“When I’m 74"
And I hope there’s a lot more
I almost feel like it was yesterday that I bought the Sergeant Pepper’s Beatles album. Now more than 50 years later, I look back to recall my reaction to “When I’m 64.” I thought it was corny. Would I be like that in 45 years?
Then I blinked my eyes a few times and I was 64! Thankfully, I wasn’t as cornball as the song. Nor was it a momentous age to reach. “This is nothing,” I thought to myself. Why did the Beatles choose the number 64 for the title of their song?
The next year, I became 65 (if my memory serves me). That birthday was different. Half-price at the movies and on the buses and subways? A greatly reduced medical insurance bill thanks to Medicare? Now we’re talkin’. At least there was a benefit to getting so damn old.

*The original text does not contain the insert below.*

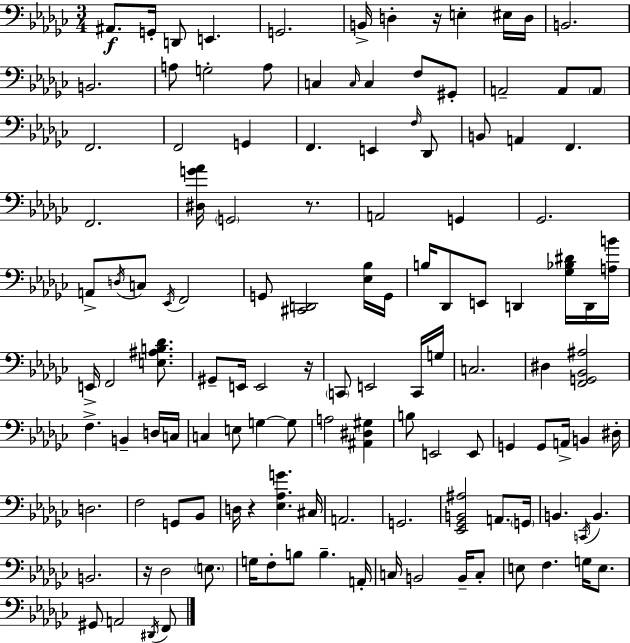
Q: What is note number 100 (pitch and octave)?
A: C3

There was another song about growing old I found much more appealing than the Beatles’. “Old Man” was sung and written by Neil Young. The words were juvenile, but the sentiment grabbed me. In his composition, Neil observed the similarities between his life and that of an old man he knew. The lyric “24 and there’s so much more” hooked me even though I was just 20 at the time.
On a movie set recently, I ran into a percussionist I used to employ on recording sessions. He is a brilliant musician who became a good friend. After I left the music…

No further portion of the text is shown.